Toward the beginning of the The Road, I confess I was trying to (over)analyze parts of the novel. It seemed there was an inconsistency between the boy's life experience and his behavior. At another point, when being given a glimpse of the family's past, I was incredulous at the callousness of the boy's mother. About halfway through the novel, I realized that I was missing the point. McCarthy chose to draw the characters the way he does for a reason. After all, they have been completely shaped by the apocalypse, something which I (thankfully) have not yet encountered. I needed to sit back and let myself be shaped by the novel.
The overall style of the novel can only be described as sparse. There is little dialog, and even less in the the way of overt action. Yet, The Road is infused with a richness that defies the spare prose. In its pages, the characters (and by extension, the reader) wrestle with huge questions: What is the purpose of one's life? What is death? Who or what is God? What is the essential difference between good and evil? While there are no concrete revelations to be had, I feel closer to understanding some of these things than before picking up the novel.

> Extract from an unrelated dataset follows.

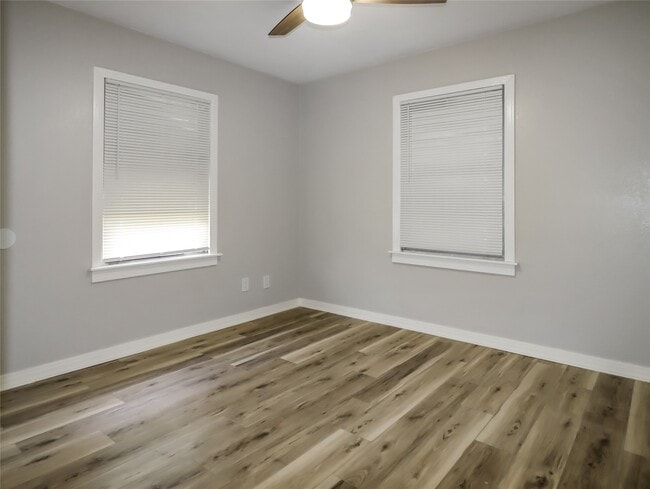 Building Photo - 6705 Speaker St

To me, The Road is a true tour de force. McCarthy uses a fairly simple concept, sparse language, and a couple of characters to fashion something altogether breathtaking. And, furthermore, he makes it seem completely effortless. The Road might well be the best book I've read this year!

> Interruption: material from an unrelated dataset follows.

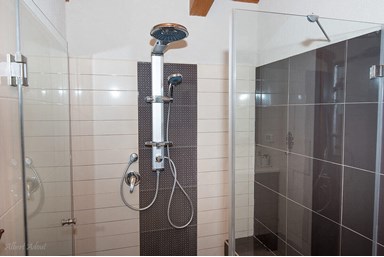 מרגנית בגליל - בקתת לוטוס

Thursday, December 9, 2010
The Leper of Saint Giles (1981) is the fifth installment in the Brother Cadfael series of medieval mystery novels (see my previous entry for general information on the circumstances of the series). I'm in the middle of casually (re)reading the novels.
The novel opens as a wedding party makes its way to Shrewsbury Abbey. A callous, middle-aged noble, Huon de Domville, is marrying Iveta de Massard, a young maiden whose grandfather Cadfael knew from the First Crusade. It is immediately obvious to all present that this is a marriage arranged by the maiden's guardians for the sole purpose of advancing their own fortunes rather than for the happiness of Iveta.
Shortly after their arrival in the village, Cadfael stumbles upon Iveta and Joscelin Lucy, a young squire in the employ of de Domville, in his workshop. The two, secretly in love, have met to console each other over the impending nuptials. In a fit of youthful indiscretion, the young man declares to Cadfael that he would go so far as to commit murder to prevent Iveta from marrying.
Not so surprisingly, the next morning de Domville is found murdered in the forest. The hunt is soon on for the squire, who takes refuge a place that lies wholly separate from normal medieval society--a leper colony run by the monks on the outskirts of town. The novel has a fascinating description of how and why lepers set themselves apart from society during the Middle Ages. Brother Cadfael, being a softy at heart when it comes to young lovers, is determined to get the bottom of the de Domville's murder to absolve Joscelin of the crime.
I would rate The Leper of Saint Giles the best of the series that I have (re)read so far (mind you, I've only read three so far). The pace is swift, and Peters' characters are, as always, well drawn out. The descriptions of medieval society, and, specifically, the place of lepers within it, really made this novel stand out from the others.